В конце концов, какое ему до этого дело? Эта мысль помогла ему отгонять множество неприятностей, не имевших прямого отношения к его жизни.

Он терпеть не мог всего того, что по напряженности, минорности хотя бы отдаленно напоминало сцену.

Он поднялся и, глядя на Тото сверху вниз, улыбался ей той обворожительной, ленивой ирландской улыбкой, которая, при всей своей бессодержательности, влекла к нему людей.
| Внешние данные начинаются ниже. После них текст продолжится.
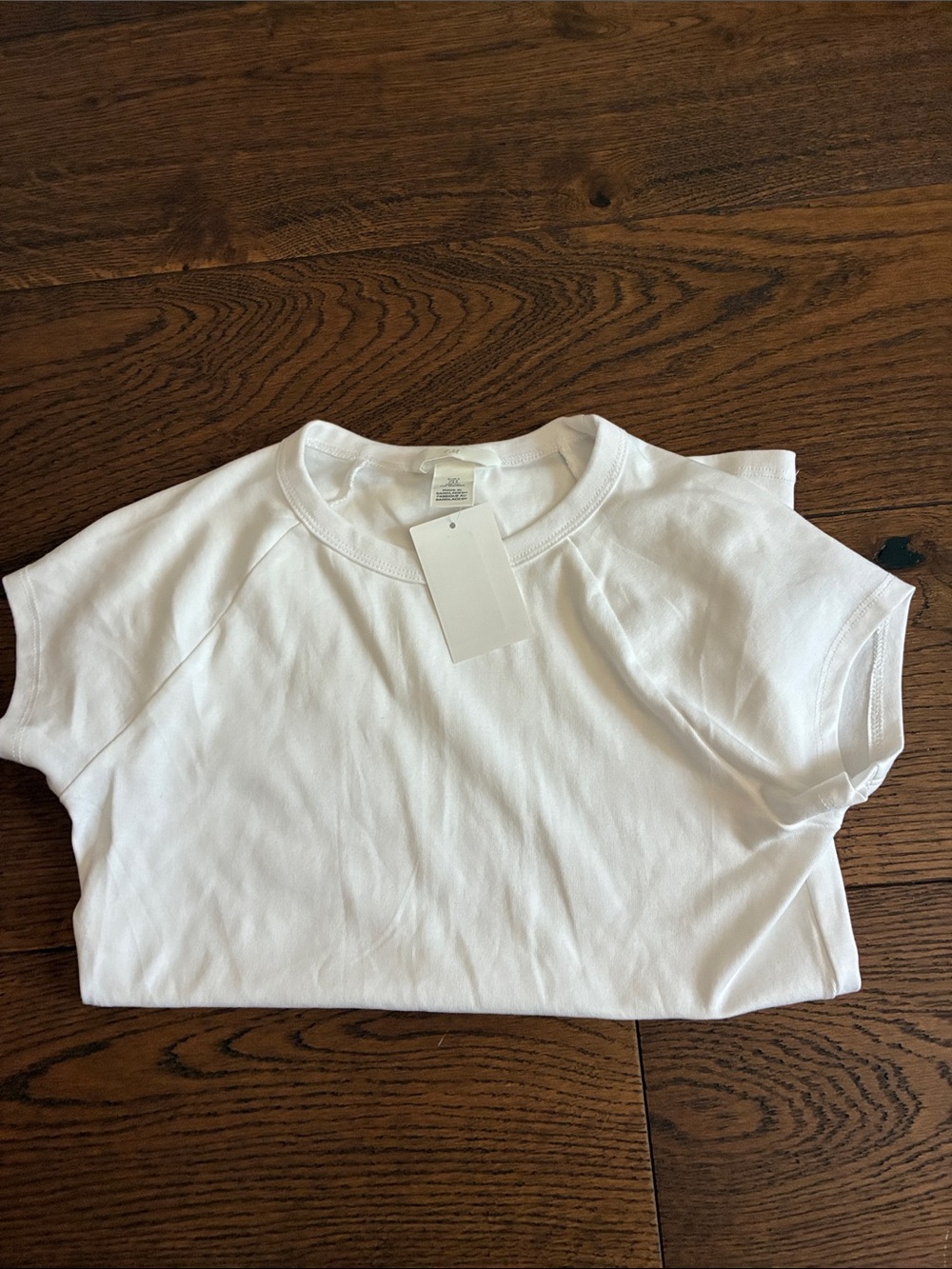H&M White Short Sleeve Crewneck Tee with Tag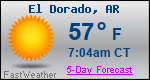 Weather Forecast for El Dorado, AR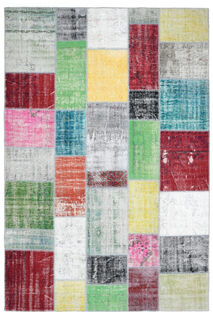 Patchwork Vintage Turkish Rug - Thumbnail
— Давайте выпьем чаю в городе, в веселеньком английском кафе? Автомобиль ждет меня внизу, у подножья холма.

Тото протянула ему руку.

— Я думаю, это доставит мне удовольствие. Они пошли рядом в полуденном мерцающем зное, лишь изредка освежаемом порывом ленивого морского ветерка; под ногами трещал выжженный солнцем вереск; в воздухе разлита была та летняя тишь, которая и успокаивает, и почему-то волнует воображение — вспоминаются луга, и подсолнечники, и задумчивая прохлада рощ. Тото глубоко вздохнула.

— Так хорошо, — сказала она, — так хорошо, что страшно хочется не быть расстроенной.

Темпест смеялся, глядя на нее; она забавляла его своей очаровательной непосредственностью.

— Но зачем же расстраиваться? — запротестовал он. — В конце концов, ведь поездка вашего отца в Англию — не народное бедствие? Согласны?

Он глазами улыбался ей.

Тото в мгновение ока облеклась в защитные доспехи.

— Генри Джеймс причислил бы меня к разряду "назойливо-эгоистичных" особ, — сказала она. И сразу стала старше.

"Куда девалась семнадцатилетняя девочка?" — с раскаянием думал Темпест и, как человек до крайности избалованный, возмутился, почувствовав натянутость.

Он попытался вернуться к прежнему интимному тону, но с этим, очевидно, было покончено: исчезла Тото — маленькая девочка и ее робкая доверчивость.

Он непринужденно взял ее под руку.

— Идемте, вы будете править. Вот этот зеленый автомобиль — мой.

— О, я обожаю править, — воскликнула Тото с прежним оживлением, разглядывая блестевший на солнце "Доррак". — Какой красавчик-автомобиль! — объявила она.

Темпест не без удовольствия отметил про себя, что "взрослое" настроение миновало.

Оно окончательно исчезло, когда она взялась за руль, а Давид и Ионафан неохотно расположились позади. От возбуждения Тото слегка посмеивалась, лицо горело красивым румянцем; золотые пряди волос отлетали назад на зеленую, сдвинувшуюся к затылку шляпу. Она сидела очень свободно, с природной грацией откинувшись на спинку. Ей трудно было бы выглядеть неуклюжей.

Темпест сидел подле нее, наблюдал за ней и слегка посмеивался под короткими усами.

Они пили в "Старой Англии" чай с датскими хлебцами с коринкой и чудесным датским маслом и пирожными "денди", которые, по мнению Тото, не только были неправильно названы, но представляли собой грубую подделку, так как в них не было миндаля, а только за миндаль Тото их и любила.